Долгим, почти злым взглядом смотрит на него Зельма.
— Ты хочешь сказать… Потому, что я здесь стою? Иду с тобой и разговариваю? Это ты хочешь сказать?
— Да. И еще то, что ты избрала единственно верный путь. Абсолютно правильный. С одной стороны, его диктует высший долг перед партией и нашим делом; никакой сентиментальной жертвенности, если это не вызвано необходимостью. Борьба и только борьба до конца. А с другой стороны — его определяет естественное стремление нерастраченной молодости. На наше счастье, укоренилась в нас эгоистическая жажда жизни, которой дороги каждая минута, каждый миг.
— Ты говоришь так, пожалуй, больше для себя, чем для меня?
Мартынь пожимает плечами.
— Может быть. Зато ответ правдив. Вне нас нет никакой истины, помогающей выбрать — жизнь или смерть.
Молча доходят они до высокого дуба на холме.
— Жизнь или смерть… — грустно повторяет Зельма. — Сколько раз повторяли мы и как мало, как мало смысла вкладывали в эти слова.
Мартынь горько усмехается.
— До чего же мы становимся сентиментальными, как только хоть на минуту чувствуем себя в безопасности. Мы отнимаем у моего брата красивую тему…
— Куда ты хочешь идти? — испуганно спрашивает Зельма, когда он сворачивает по тропинке к имению.
Мартынь только машет рукой.
До этого дня он почти что не думал о том, куда идти.
Возле риги он останавливается и глядит вниз. Отсюда отчетливо виден поредевший парк имения с развалинами сожженного замка и двор со службами и белым домом управляющего. Туда теперь перебрался со станции офицер со своими драгунами.

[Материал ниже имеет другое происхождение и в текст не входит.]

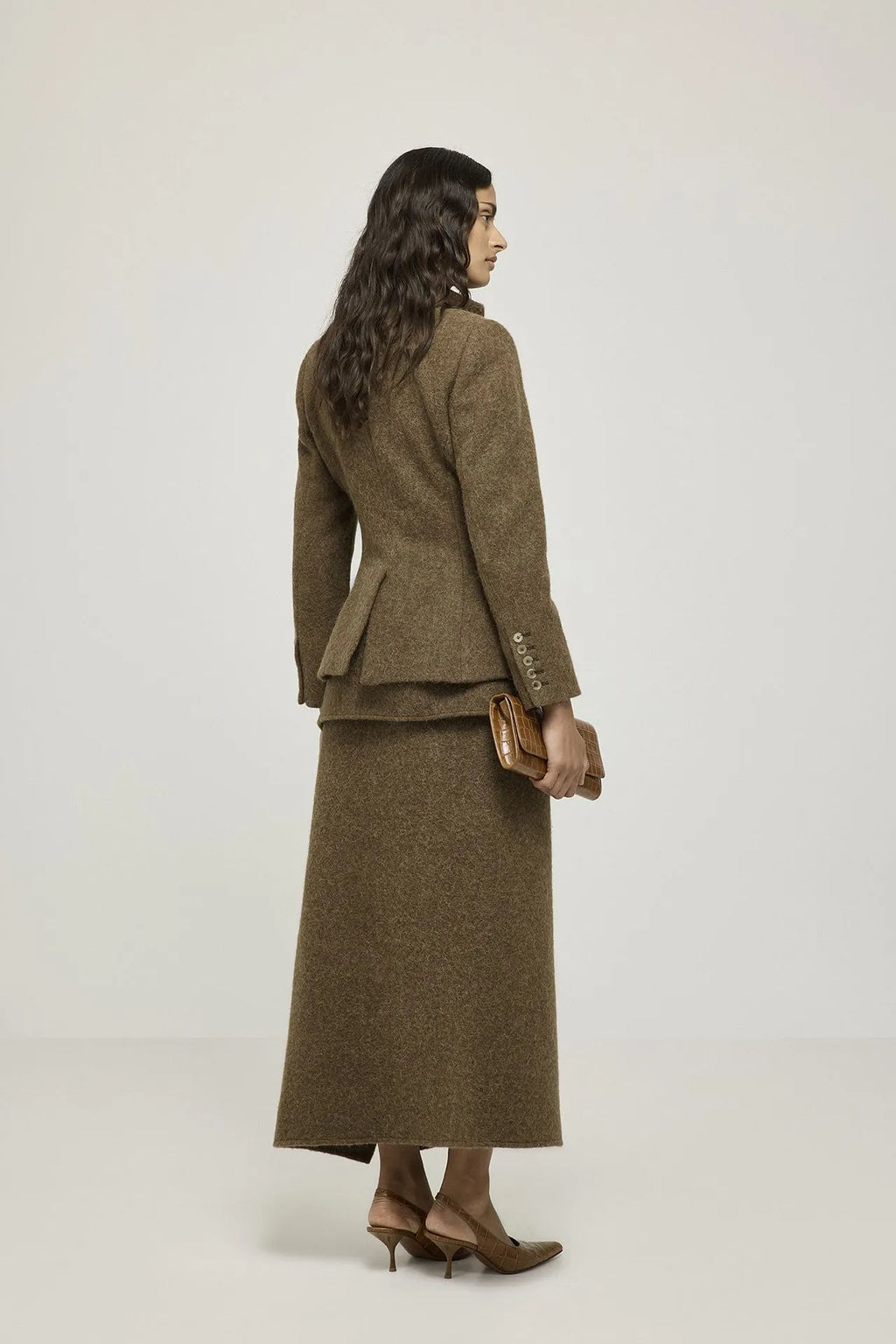 Back view of the Margaret brown blazer, showing its shaping through the waist.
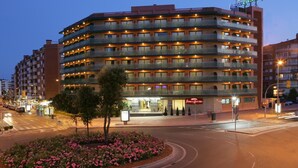 A multi-story hotel with balconies, a visible entrance, and a well-lit facade. - Hotel Fenals Garden (Lloret de Mar)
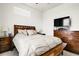Inviting bedroom with a comfortable king bed, two side tables, and a dresser with a TV at 12258 Hazel Spruce Ct, Parker, CO 80134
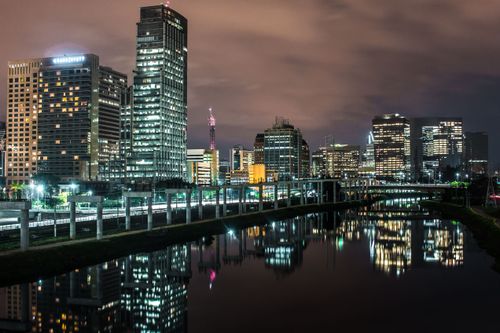 Free Illuminated cityscape of São Paulo reflecting in water at night. Modern architecture with a dramatic sky. Stock Photo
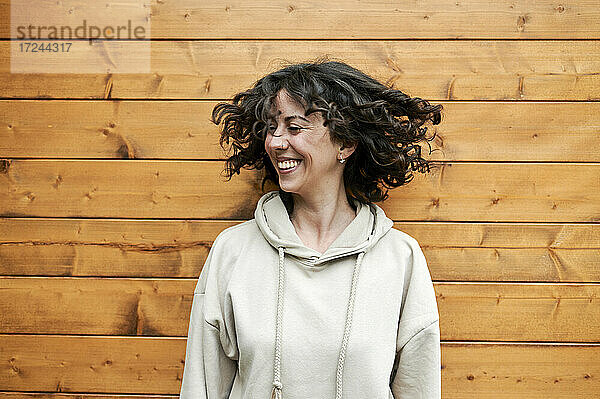 Lächelnde Frau  die sich die Haare zuwirft  während sie vor einer Holzwand steht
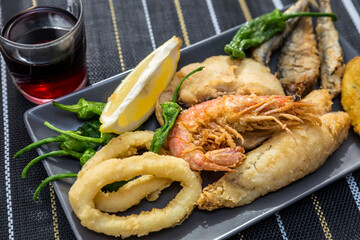 close up of dishes with golden fried fish and wine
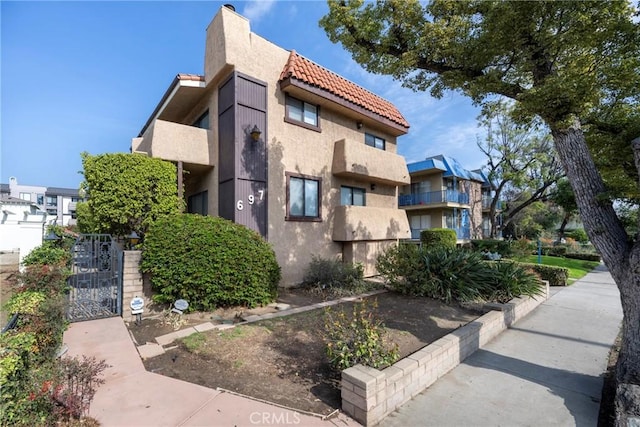 exterior space featuring a tile roof, a gate, and stucco siding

Мартынь прекрасно сознает, что затевает рискованное дело. Он особенно внимательно оглядывает дом управляющего и окрестность. Даже в самый опасный, безнадежный путь инстинкт не подталкивает человека слепо, безрассудно. В конце концов, в подобных обстоятельствах никогда не скажешь определенно, где наиболее опасное или безопасное место. В лесной чаще можно попасть в лапы врага и на открытой дороге пройти мимо незамеченным… Истинный революционер всегда немножечко фаталист, — иначе и быть не может.